Perhaps what is being said is really simpler than is being stated. Bill
says speak less, the others say speak enough. Perhaps we could agree that
there is such a thing as too little just as there is too much. Anyway, it
seems to depend upon people's experience as to which of the two has been
an annoyance to them on the job or the Internet.
In music you never have too much rehearsal. The pursuit of the
elemination of wasted time by charging high rehearsal fees has invented
the performance "reading" by all non-memory large ensembles. Not having
the time to rehearse means that all old music will be closer to a true
performance while all new music will consistantly be "read" badly. Thus
modern audiences almost uniformly dislike new music.
I always thought that Mies van der Rohe's adage "less is more" really
meant "less material used means more profits." Of course if you use too
little material then the building falls down and then "less means less."

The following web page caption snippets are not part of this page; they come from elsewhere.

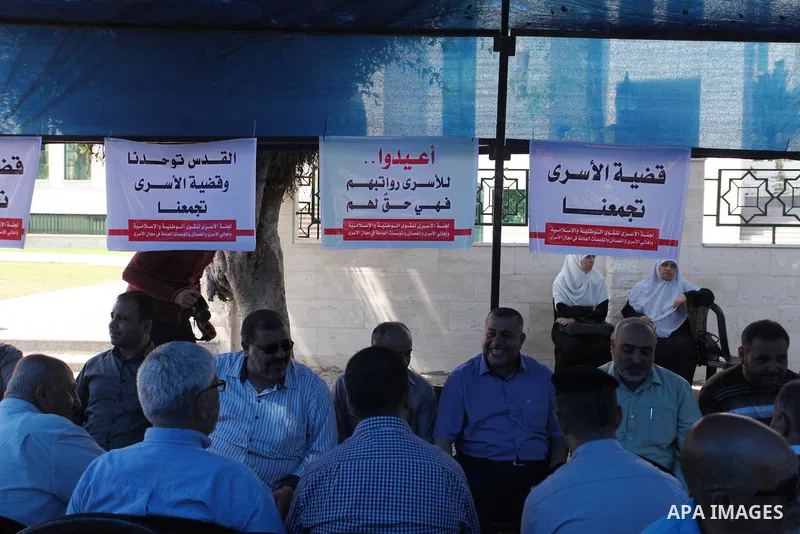 Palestinians take part in a protest to show solidarity with Palestinian prisoners are paid their salaries in Iseali jails at a tent in front of the Council of Ministers headcuarter in Gaza City, on Aug. 01, 2018. Photo b...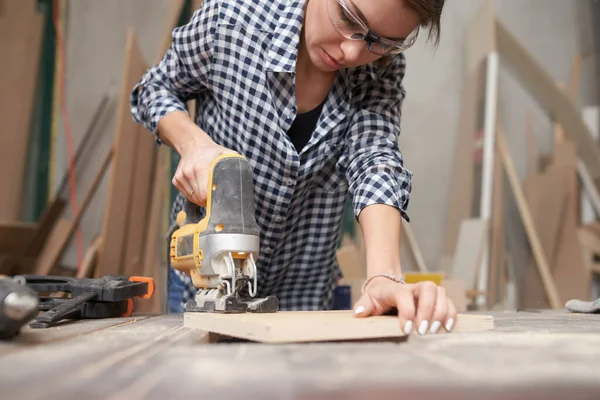 Brunette nainen puuseppä työskentelee fretsaw — kuvapankkivalokuva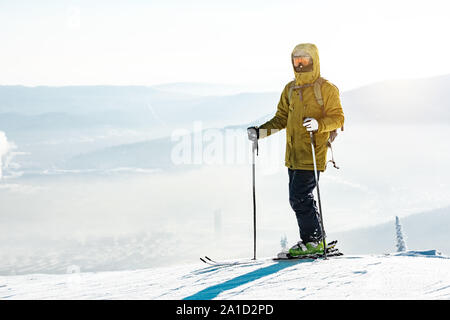 Skifahrer mit Ski auf dem Berg oben am Beginn der Steigung Stockfoto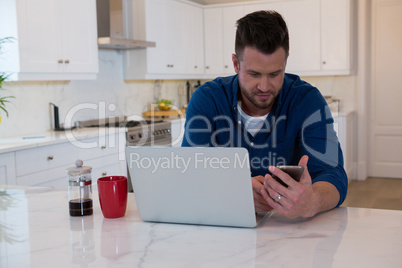 Handsome man using mobile phone in kitchen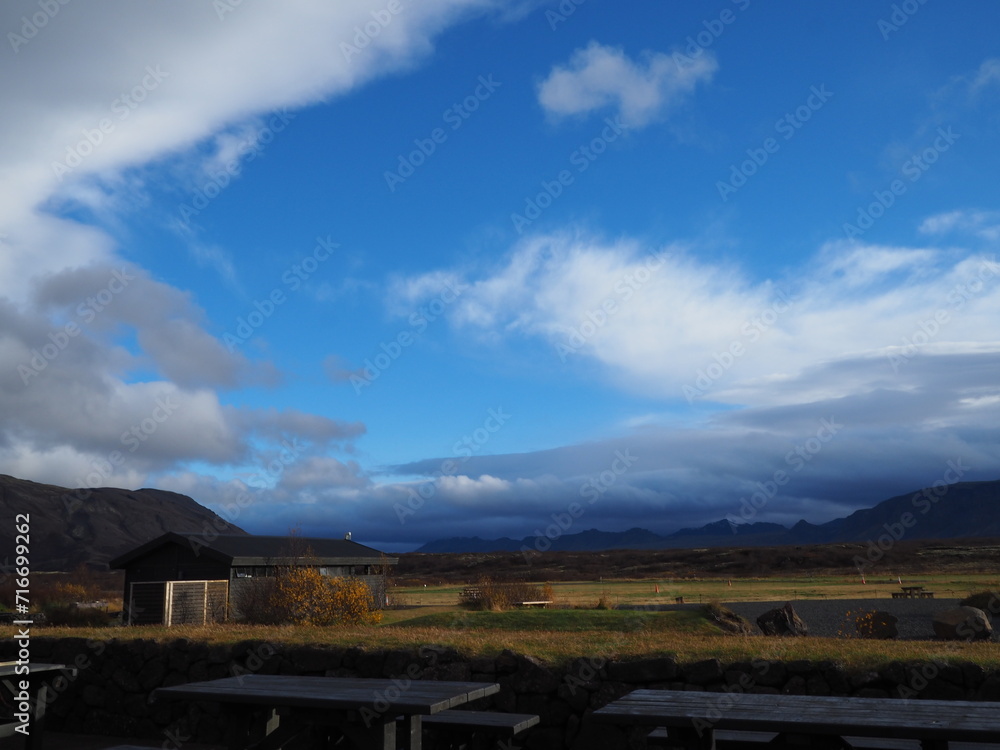 Chill out area near the Geysir, Iceland, a gorgeous view of plateau, mountains under a bright blue sky and white clouds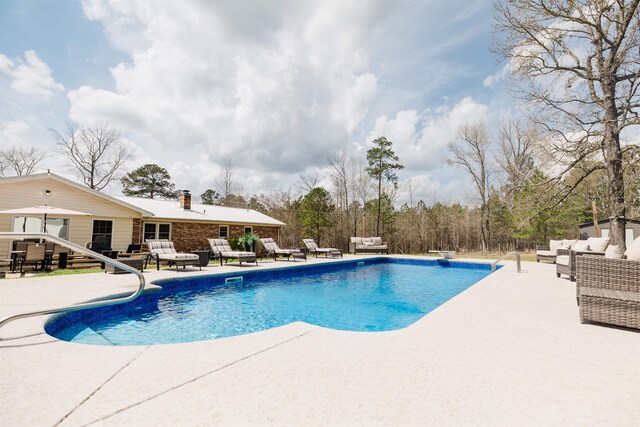 251 Pettigrew Rd, Milledgeville, GA 31061 - outdoor pool featuring an outdoor living space and a patio area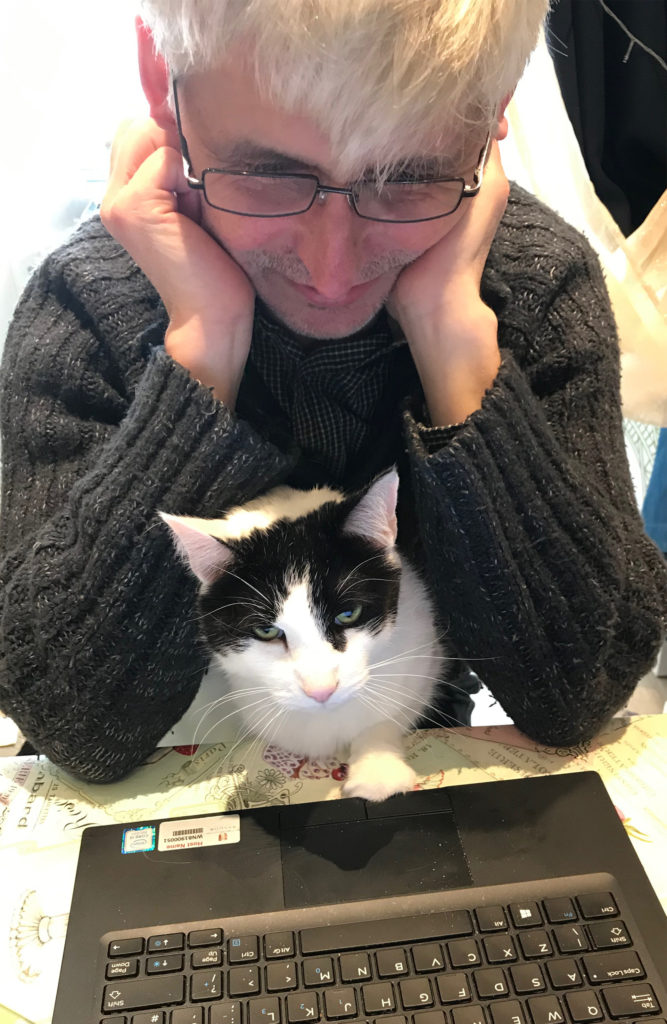 Man trying to work with cat on his lap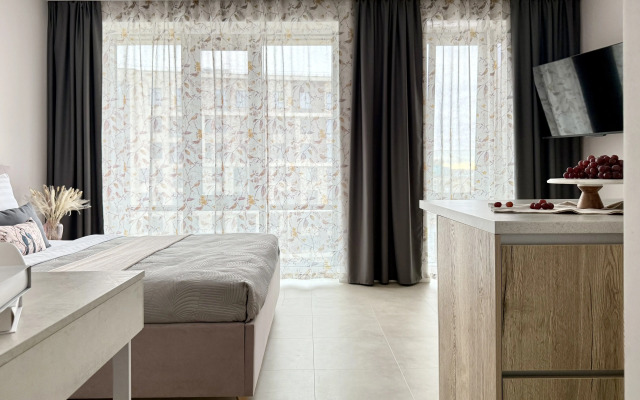 Апартаменты Уютная Студия в центре города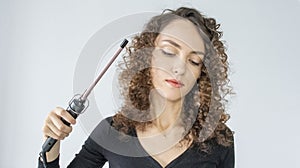 Beautiful brunette woman with curly hair, curls her hair, uses curling tongs to get fine curls. A girl makes her own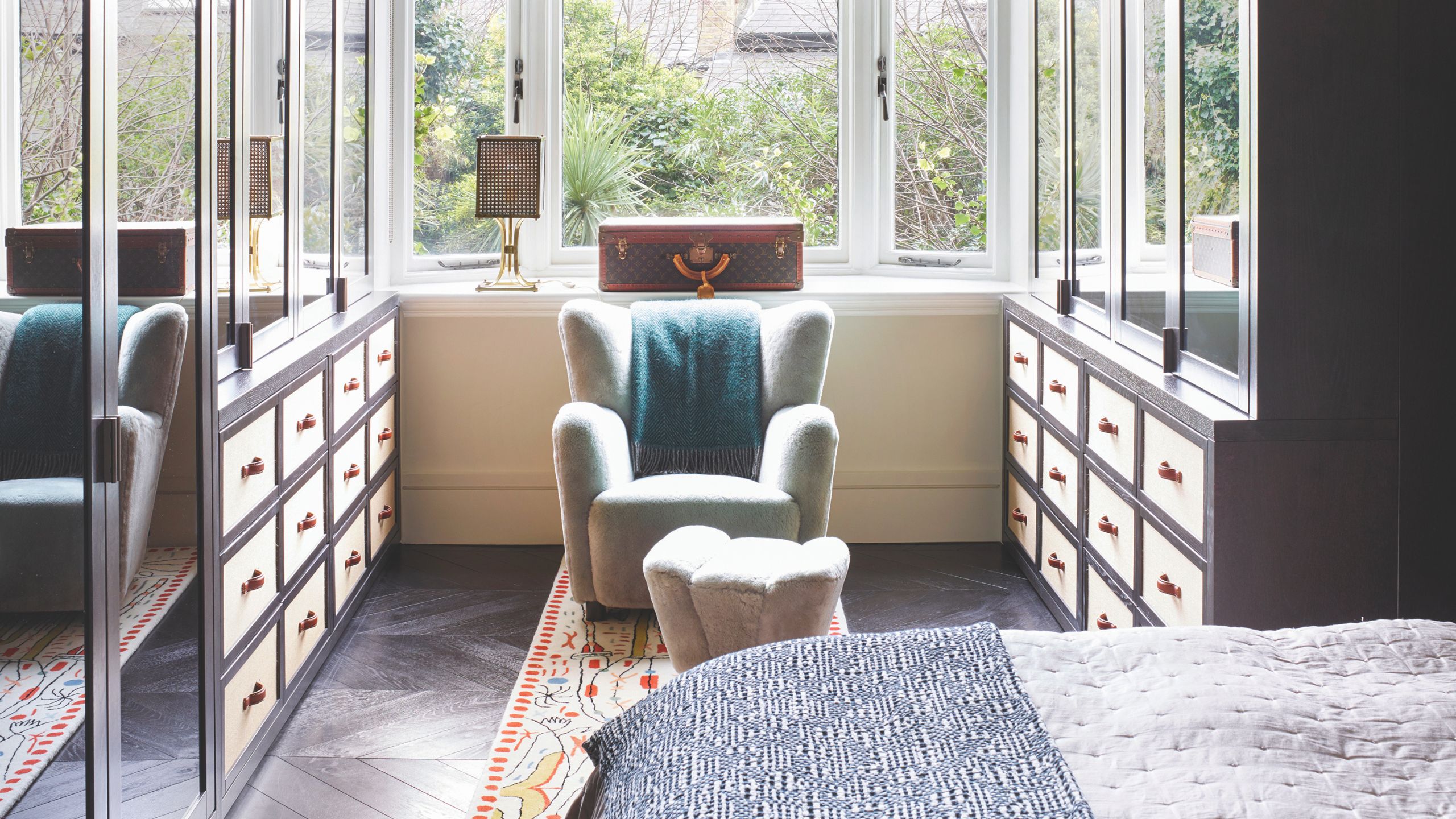 Bedroom with adjoining dressing room with mirrored closets and blue armchair, with large windows and leafy garden seen beyond.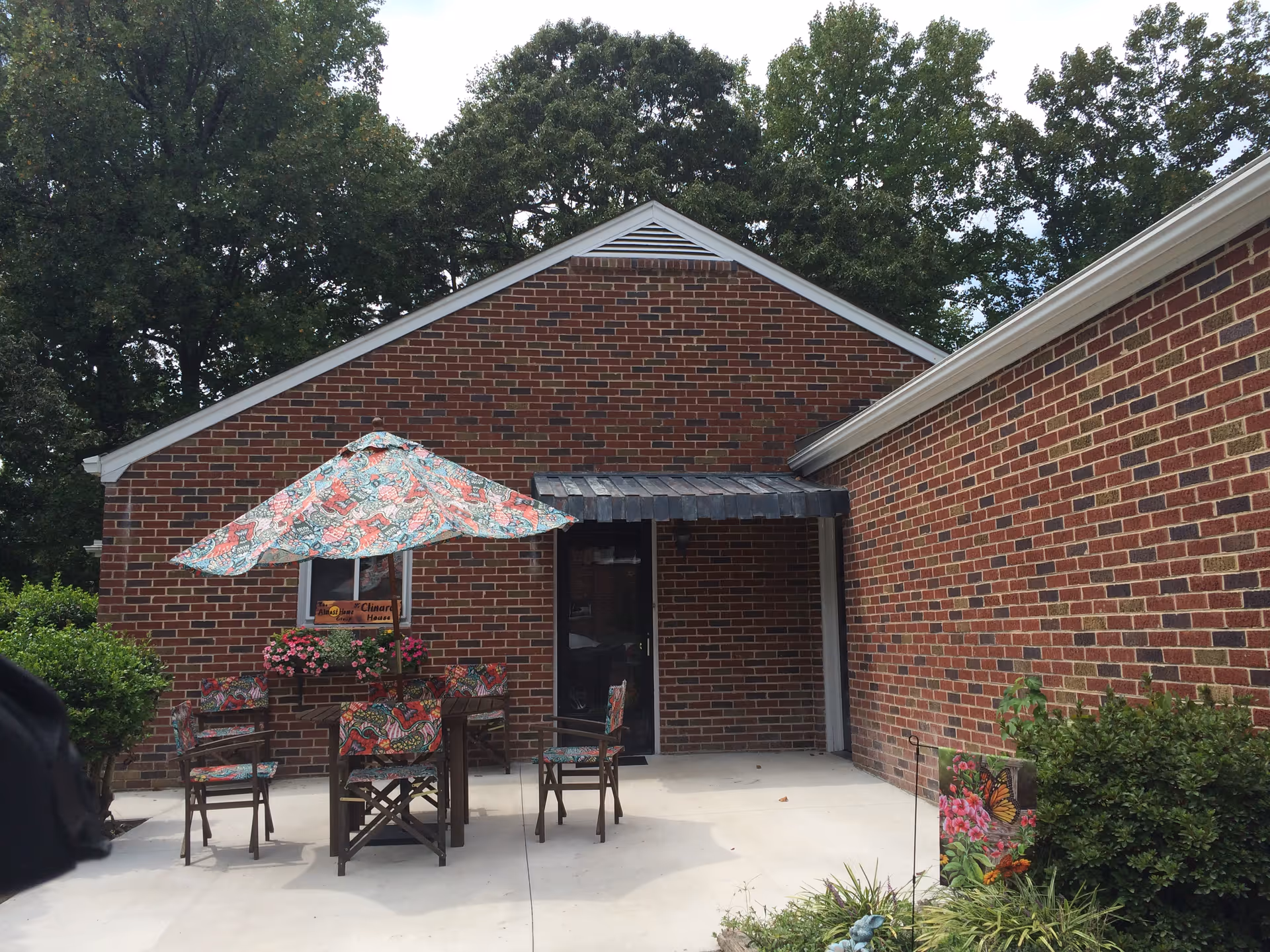 Outdoor patio area with a brick building in the background. There is a table with a colorful patterned umbrella and matching chairs. Some potted flowers are placed on the table and nearby. Green bushes and trees surround the patio.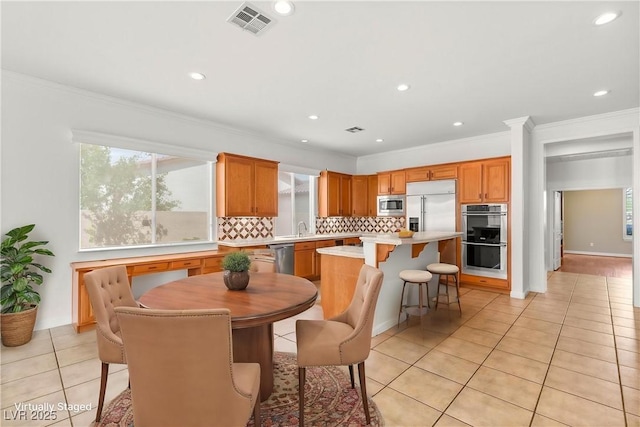 215 Great Gable Dr, Las Vegas, NV 89183 - dining space featuring light tile patterned floors, recessed lighting, and crown molding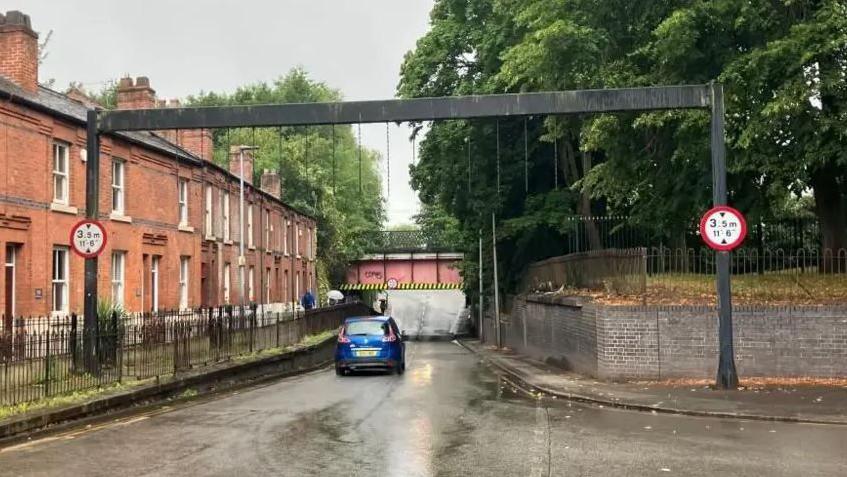 A blue car drives under a canal bridge on a residential road. People walk along the left side of the road with umbrellas.
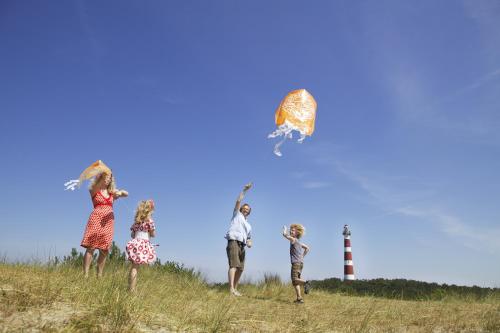 a group of children flying a kite on a hill with a lighthouse at Sier aan Zee in Hollum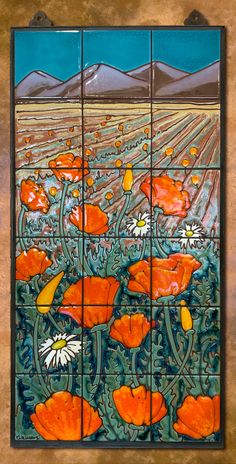 an artistic tile design with orange flowers on it's sides and mountains in the background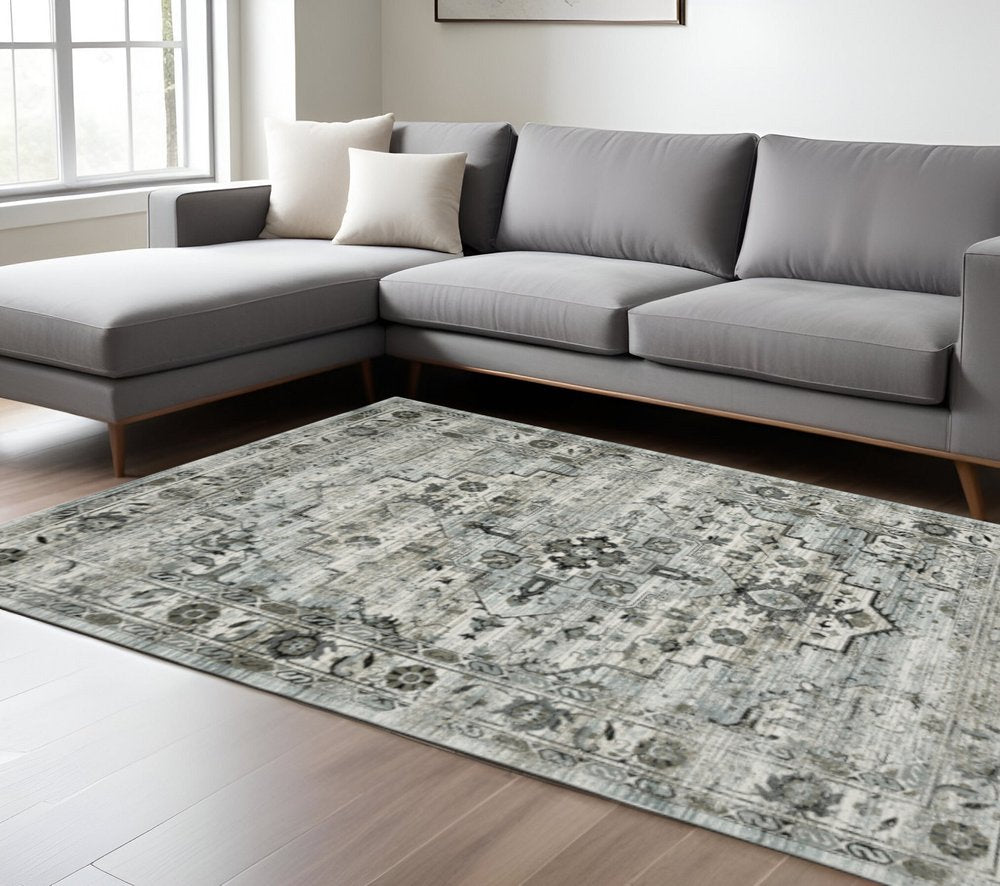 6' X 9' Ivory Grey Charcoal Blue And Taupe Oriental Power Loom Stain Resistant Area Rug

The meaning of my company name, "The Magic Circle" is that circle of
attention where everything can be experienced by the audience and known.
Finding that physical space is a balance between ensemble size and room
size. We are constantly in pursuit of the ideal balance where everything
can be perfectly perceived. Walk in balance.
Ray Evans Harrell, artistic director
The Magic Circle Chamber Opera of New York, Inc.